■ TRY IT: Print exactly what appears from the line containing "Handmade Porcelain Beads, Bright" through the final line of the data below, pictures excluded.

■ INPUT RECORDS:
○ ○ ○

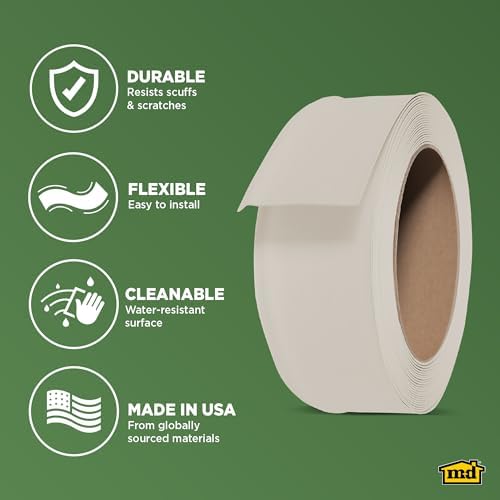 M-D Building Vinyl Wall Base, Almond, 4in x 60ft Dry Back Roll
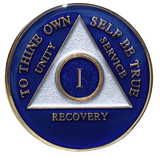 Classic Blue & Silver AA Recovery Medallion | Years 1–65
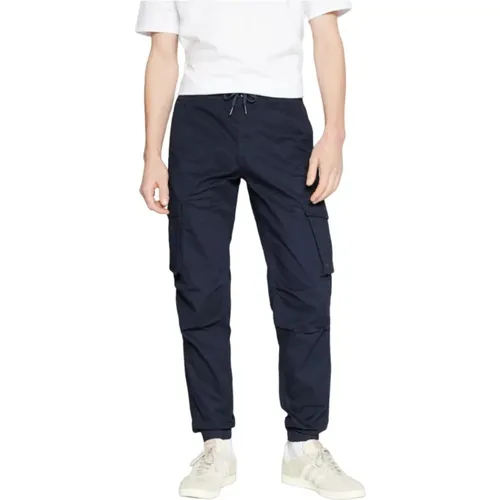 Navy Cargo Pants Cuffed Modern Style , male, Sizes: 2XL, L - jack & jones - Modalova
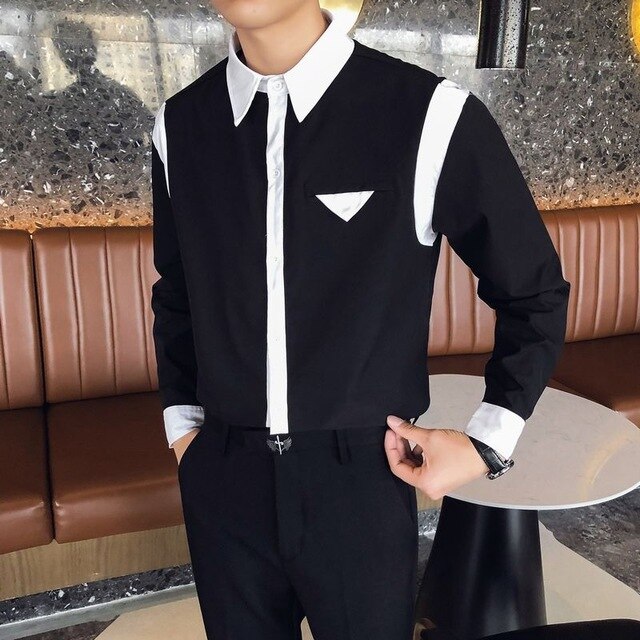 Two-tone Lines Decorated Long Sleeve Shirt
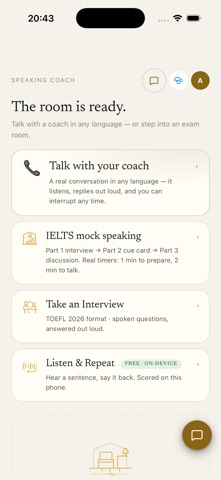 Oriora Speaking Coach iPhone screenshot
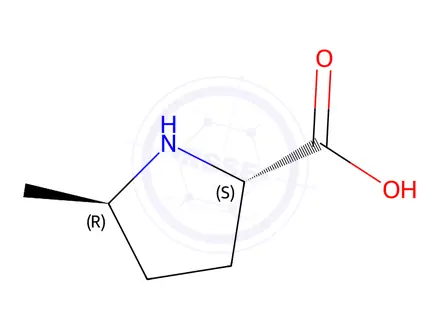 Chemical structure of Proline, 5-methyl-, trans-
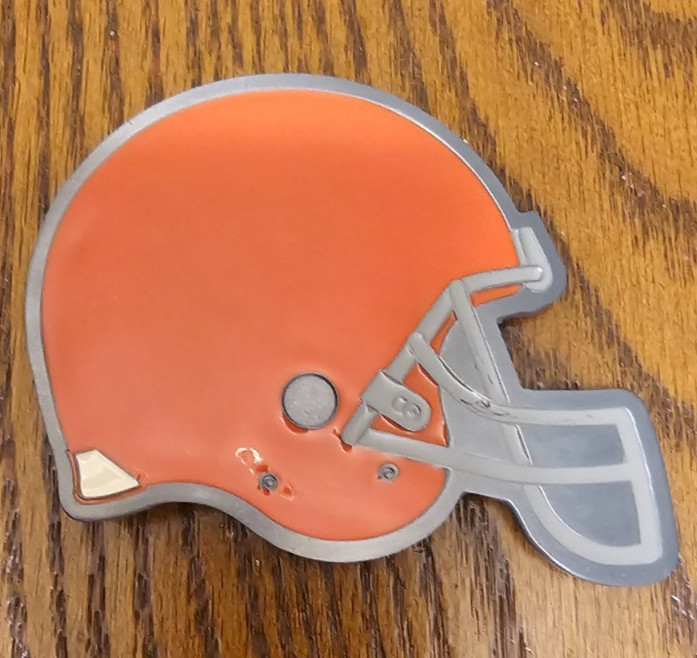NFL Officially-Licensed Cleveland Browns Pewter Belt Buckle USA Football ~ New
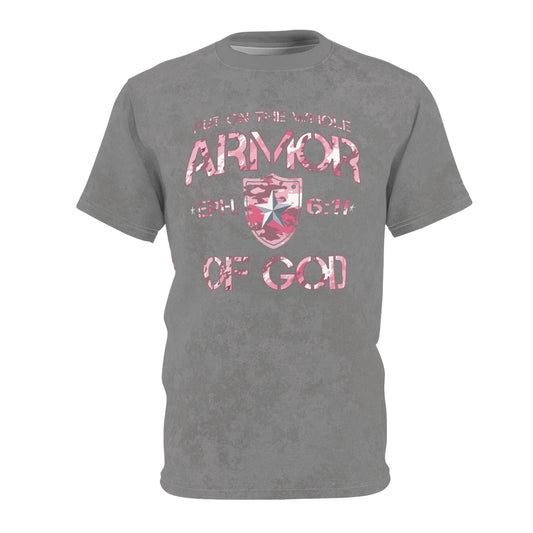 Armor of God – Pink Camo on Gray Suede - Wash Short Sleeve Tee - Sacred Stylz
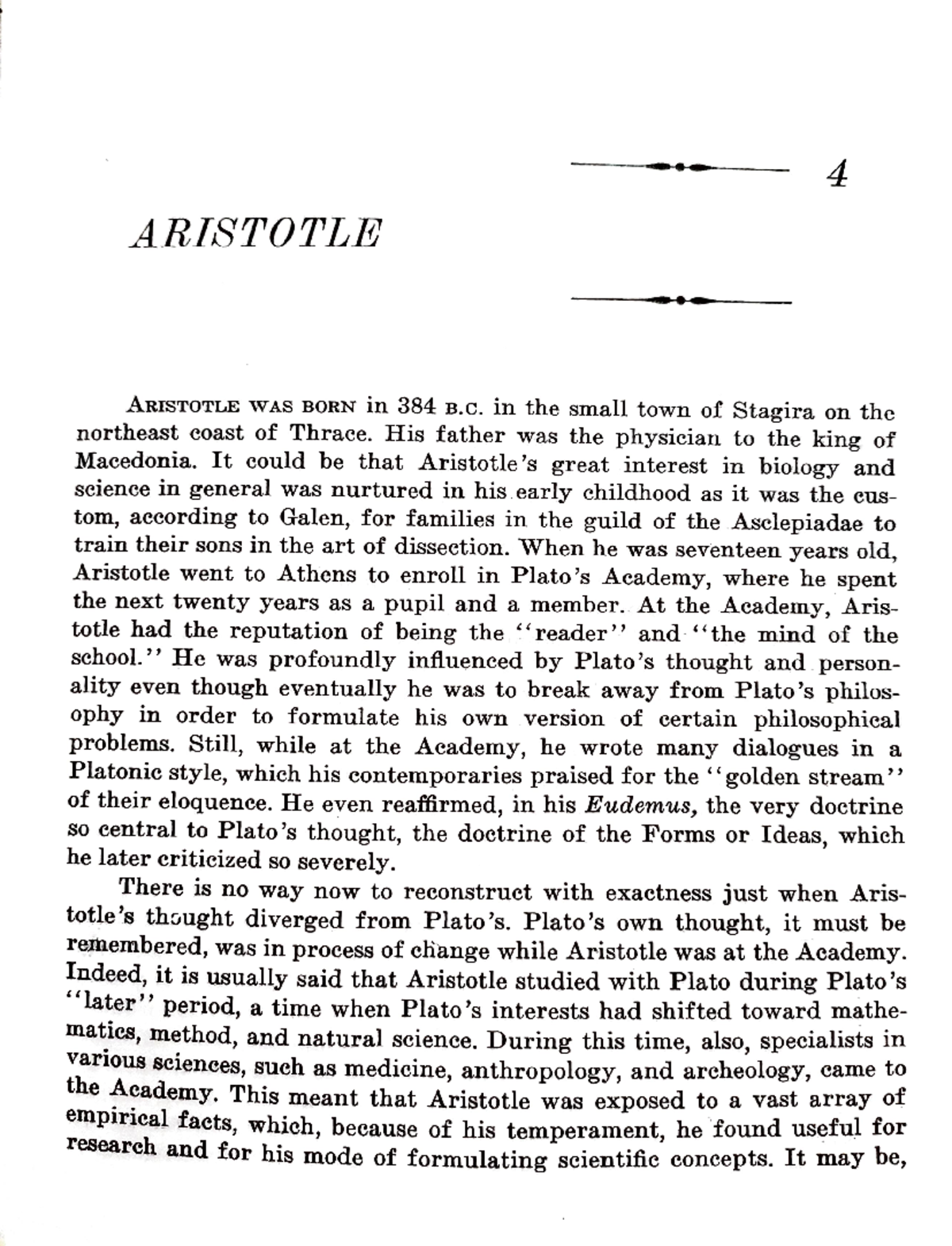 Aristotle - ####### 4 ARISTOTLE ARISTOTLE WAS BORN in 384 B. in the ...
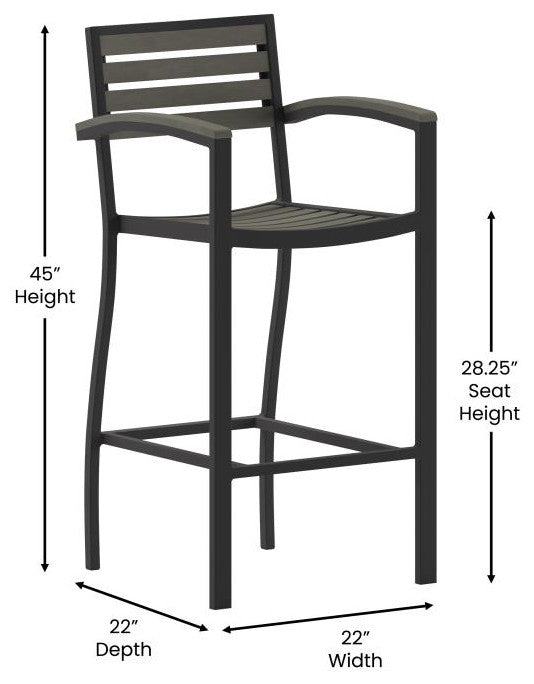 Lark Commercial Grade Outdoor Bar Height Stool with Arms, Gray Wash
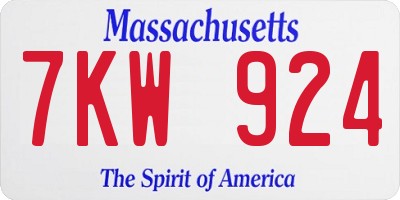 MA license plate 7KW924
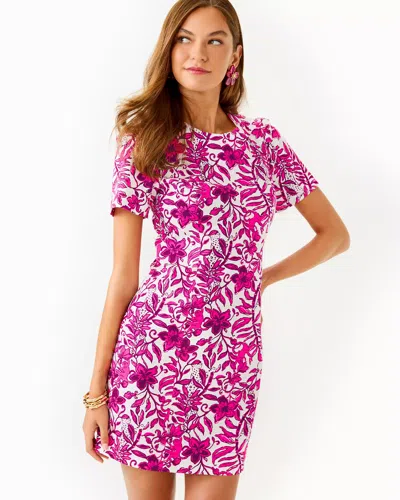 Lilly Pulitzer Mila Short Sleeve Shift Dress In Elderflower Blossom Lil Escape Plan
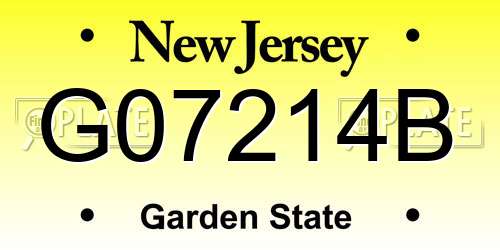 G07214B New Jersey License Plate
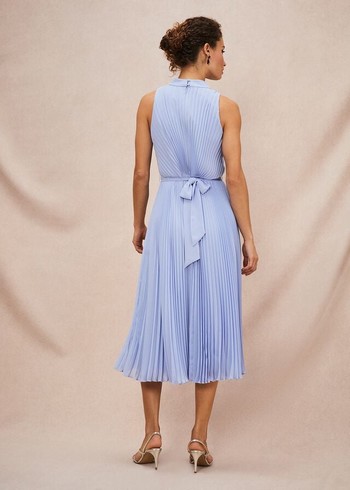 Phase Eight Simara Pleated Dress Blue Australia | YB7093851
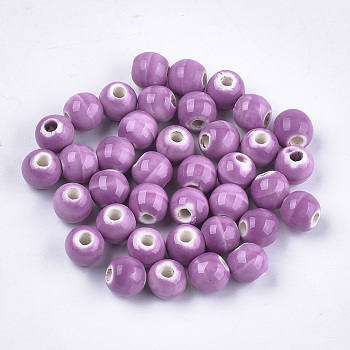 Handmade Porcelain Beads, Bright Glazed Porcelain Style, Round, Medium Orchid, 7.5~8x7~7.5mm, Hole: 2~2.5mm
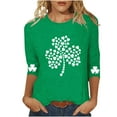 thumbnail image 1 of vdgthytj T-Shirts pour Femmes de la Saint-Patrick à Manches 3/4, Grande Taille, Col Ras du Cou, Trèfle, T-Shirt Graphique pour les Fêtes, 1 of 5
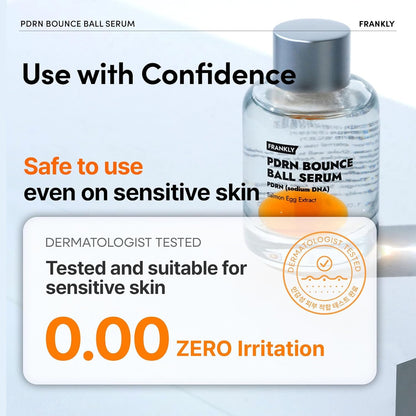 FRANKLY Salmon PDRN Bounce Ball Serum – 99% Pure Salmon DNA PDRN for Post Microneedling Recovery, Redness & Damaged Skin Repair | Glass Skin Korean Skincare | Lightweight, Non Sticky
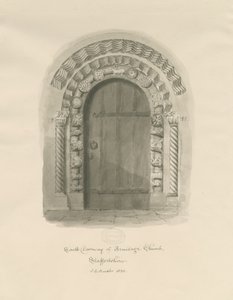Iglesia de Armitage - Puerta Sur de John Chessell Buckler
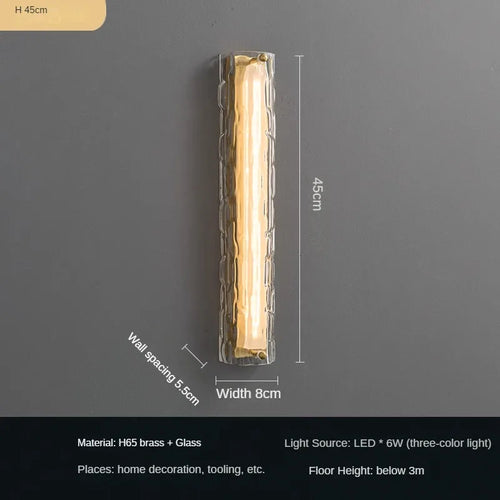 Modern glass LED wall light for interiors - vue 9 sur 8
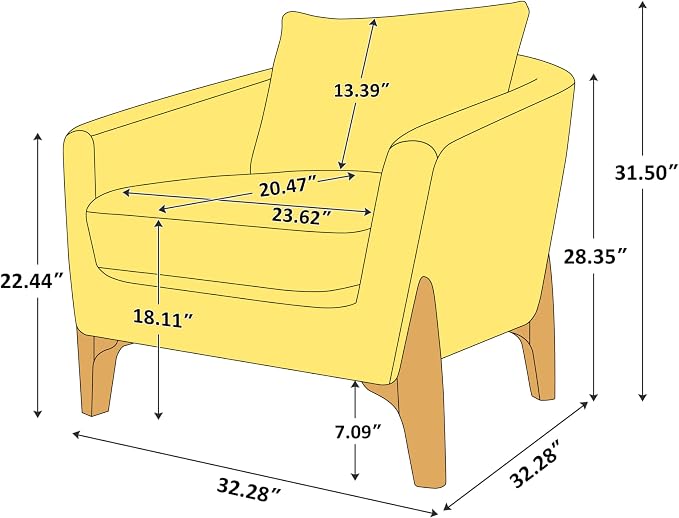 VANOMi Accent Chair 31" Oversized Reading Chair Comfy Upholstered Boucle Lounge - Image 2
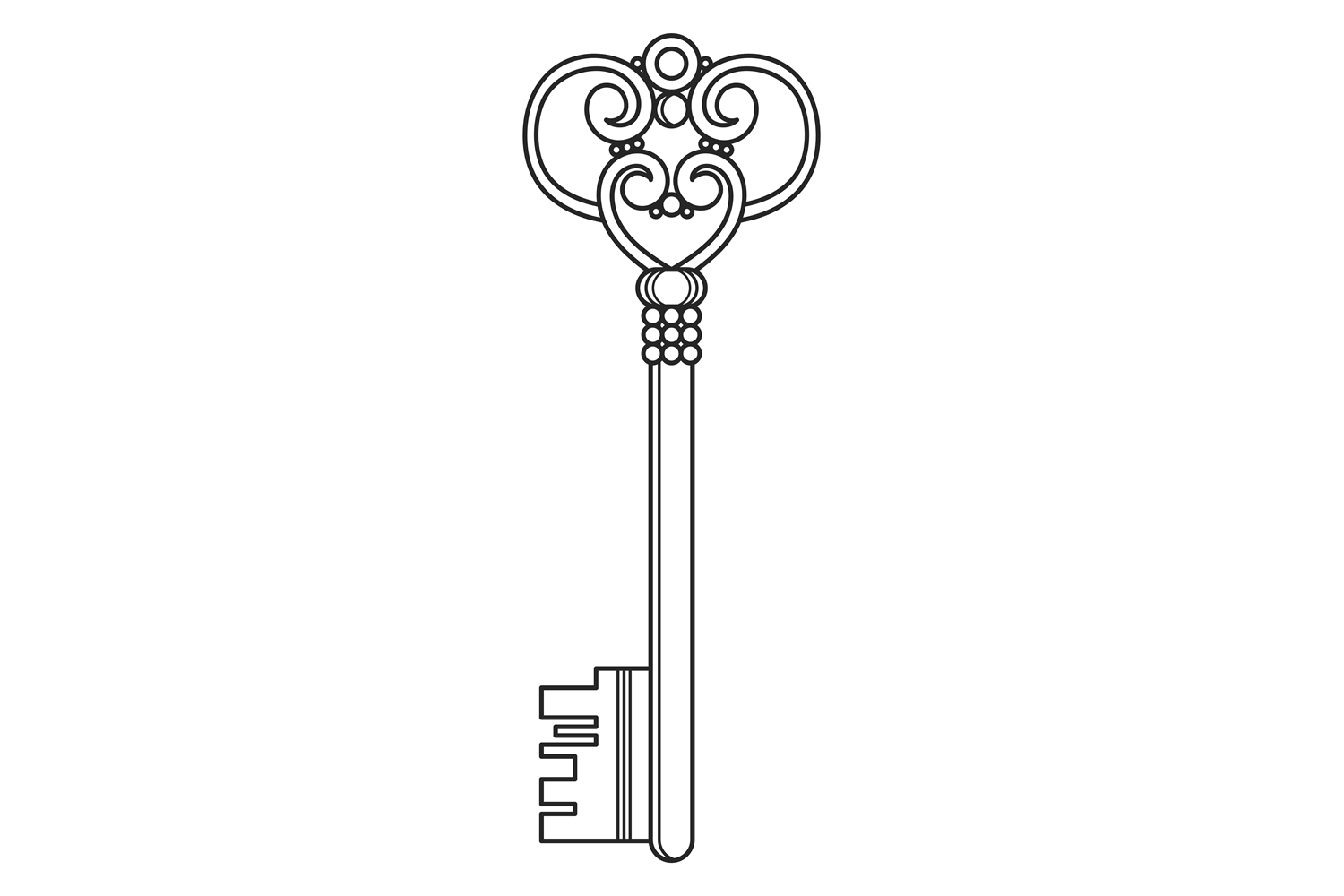 Ornate Skeleton Key Drawing. Door Lock S Graphic by onyxproj · Creative ...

○ ○ ○

■ SOLUTION:
 Handmade Porcelain Beads, Bright Glazed Porcelain Style, Round, Medium Orchid, 7.5~8x7~7.5mm, Hole: 2~2.5mm
 thumbnail image 1 of vdgthytj T-Shirts pour Femmes de la Saint-Patrick à Manches 3/4, Grande Taille, Col Ras du Cou, Trèfle, T-Shirt Graphique pour les Fêtes, 1 of 5
 FRANKLY Salmon PDRN Bounce Ball Serum – 99% Pure Salmon DNA PDRN for Post Microneedling Recovery, Redness & Damaged Skin Repair | Glass Skin Korean Skincare | Lightweight, Non Sticky
Iglesia de Armitage - Puerta Sur de John Chessell Buckler
 Modern glass LED wall light for interiors - vue 9 sur 8
 VANOMi Accent Chair 31" Oversized Reading Chair Comfy Upholstered Boucle Lounge - Image 2
 Ornate Skeleton Key Drawing. Door Lock S Graphic by onyxproj · Creative ...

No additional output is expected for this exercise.